La vraie vie, la vie enfin découverte et éclaircie, la seule vie par conséquent réellement vécue, c'est la littérature.



mardi 8 mars 2016

Je pousse devant moi des quantités d’amuse-gueules et les broie comme si c’étaient ses os.

David Grossman, Un cheval entre dans un bar, traduit de l’hébreu par Nicolas Weill, parution originale en 2014.

Une très bonne lecture !

Le narrateur assiste au spectacle de stand-up de Dovalé, un comique que l’on ne sent pas si drôle que cela. Le narrateur est un juge à la retraite, il décrit, commente, analyse l’exhibition de Dovalé dont on apprend bientôt que c’est un ancien ami d’enfance. Bien sûr, ce spectacle s’annonce un événement étonnant, à nul autre pareil.

J’étais réticente avant d’ouvrir ce livre, car j’avais retenu de plusieurs critiques que l’auteur avait si bien rendu le ratage de ce spectacle comique que le lecteur avait envie de quitter la salle au plus vite. Ce n’est pas du tout l’impression que j’ai eue.
Bien entendu, Dovaldé est un comique pas très drôle, mais il n’est pas si raté que cela. C’est un professionnel, capable de quelques trucs pour retenir son public. S’il choisit de délibérément saborder son rôle de clown, c’est pour raconter sa vie et plus particulièrement un épisode de sa jeunesse, entre tragédie et grotesque. Et il le fait avec talent. Mais le lecteur lit le récit du narrateur, ce juge qui n’aime pas les stand-up, qui n’aime pas vraiment non plus Dovalé, qui pèse les rires et les ricanements, mesure son appétit et les efforts de l’artiste. Oui, la soirée va être longue.

J’ai la ferme impression que l’artiste roule le public. Et l’instant d’après c’est le public qui l’attire subrepticement dans le piège qu’il s’est tendu à lui-même. L’effet que provoque ce double mouvement les rend, et lui et eux, complices d’une action délictueuse, furtive, évanescente. À présent il distribue les paroles entre les hommes et les femmes et les dirige d’un air extasié, en laissant perler des larmes de crocodile, et presque toute la salle reprend le refrain en chœur.
Ohno Kazuo, 1994, Série The butterfly y dream, photo prise je ne sais plus où.
J’ai apprécié ce dispositif qui met à distance le spectacle et le récit de Dovalé, tout en faisant ressortir la performance de l’artiste. L’ambiguïté du public est la nôtre : sourire, rire, se moquer, éprouver de la pitié, de l’agacement… La parole de Dovalé glisse sans cesse du rire aux larmes, abandonne un fil pour se saisir d’un autre, revient en arrière, se contredit ; elle sautille comme les aléas d’une vie. Le narrateur entré dans la salle comme un bloc en sortira un peu changé, même si on ne sait pas trop comment – car de nombreuses inconnues demeurent à la fin de la lecture.

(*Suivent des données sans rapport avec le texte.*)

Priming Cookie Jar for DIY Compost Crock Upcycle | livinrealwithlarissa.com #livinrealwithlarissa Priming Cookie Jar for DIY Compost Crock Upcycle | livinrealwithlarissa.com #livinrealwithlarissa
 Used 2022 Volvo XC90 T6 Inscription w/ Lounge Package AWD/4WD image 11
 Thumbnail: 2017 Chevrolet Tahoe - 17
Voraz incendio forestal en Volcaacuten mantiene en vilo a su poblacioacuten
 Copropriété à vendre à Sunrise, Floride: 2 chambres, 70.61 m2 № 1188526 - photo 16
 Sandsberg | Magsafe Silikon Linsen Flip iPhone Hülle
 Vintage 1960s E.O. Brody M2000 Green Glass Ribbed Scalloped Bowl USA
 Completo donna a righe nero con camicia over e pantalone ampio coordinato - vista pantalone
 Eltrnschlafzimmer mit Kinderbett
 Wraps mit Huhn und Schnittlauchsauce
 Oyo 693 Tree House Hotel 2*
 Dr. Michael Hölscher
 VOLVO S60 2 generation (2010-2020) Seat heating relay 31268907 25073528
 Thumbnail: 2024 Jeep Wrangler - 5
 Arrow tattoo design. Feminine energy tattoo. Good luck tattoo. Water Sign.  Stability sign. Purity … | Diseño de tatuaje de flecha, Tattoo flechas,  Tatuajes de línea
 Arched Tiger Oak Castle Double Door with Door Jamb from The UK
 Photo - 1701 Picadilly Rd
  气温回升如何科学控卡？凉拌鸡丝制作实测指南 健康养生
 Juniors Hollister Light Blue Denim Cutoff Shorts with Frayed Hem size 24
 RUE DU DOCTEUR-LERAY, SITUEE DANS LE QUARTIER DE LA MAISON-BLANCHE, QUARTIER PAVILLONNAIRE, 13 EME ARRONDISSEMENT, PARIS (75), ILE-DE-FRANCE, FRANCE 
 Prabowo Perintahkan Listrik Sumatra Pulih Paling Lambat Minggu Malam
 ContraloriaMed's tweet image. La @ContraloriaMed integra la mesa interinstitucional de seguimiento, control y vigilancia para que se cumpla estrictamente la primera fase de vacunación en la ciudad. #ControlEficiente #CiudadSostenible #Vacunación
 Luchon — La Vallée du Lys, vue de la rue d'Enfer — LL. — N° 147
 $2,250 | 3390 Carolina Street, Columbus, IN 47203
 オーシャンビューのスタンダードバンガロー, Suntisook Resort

Une fois de plus, Dovalé fixe un point dans le vide, sont truc le plus sûr. Ses paupières sont à demi fermées, et son visage figé dans une expression de stupeur face au caractère tordu de la nature humaine. Plus il prolonge sa mimique, plus le public rit. Pourtant, ce rire est de nouveau hésitant, décousu. Il me semble qu’une fine pellicule de désespoir s’infiltre dans l’assemblée, qui prend conscience que l’artiste s’obstine à raconter son histoire envers et contre tout.


4 commentaires:

keisha a dit…

Deuxième billet positif que je lis aujourd'hui!!!

nathalie a dit…

J'avais du mal à me faire une opinion d'après les différents avis lus. C'est donc une heureuse surprise.

Alex Mot-à-Mots a dit…

Je n'en avais entendu que du bien sur France culture mais j'hésitais à le lire.

nathalie a dit…

Je n'arrivais pas à me faire une opinion, heureusement qu'on me l'a prêté.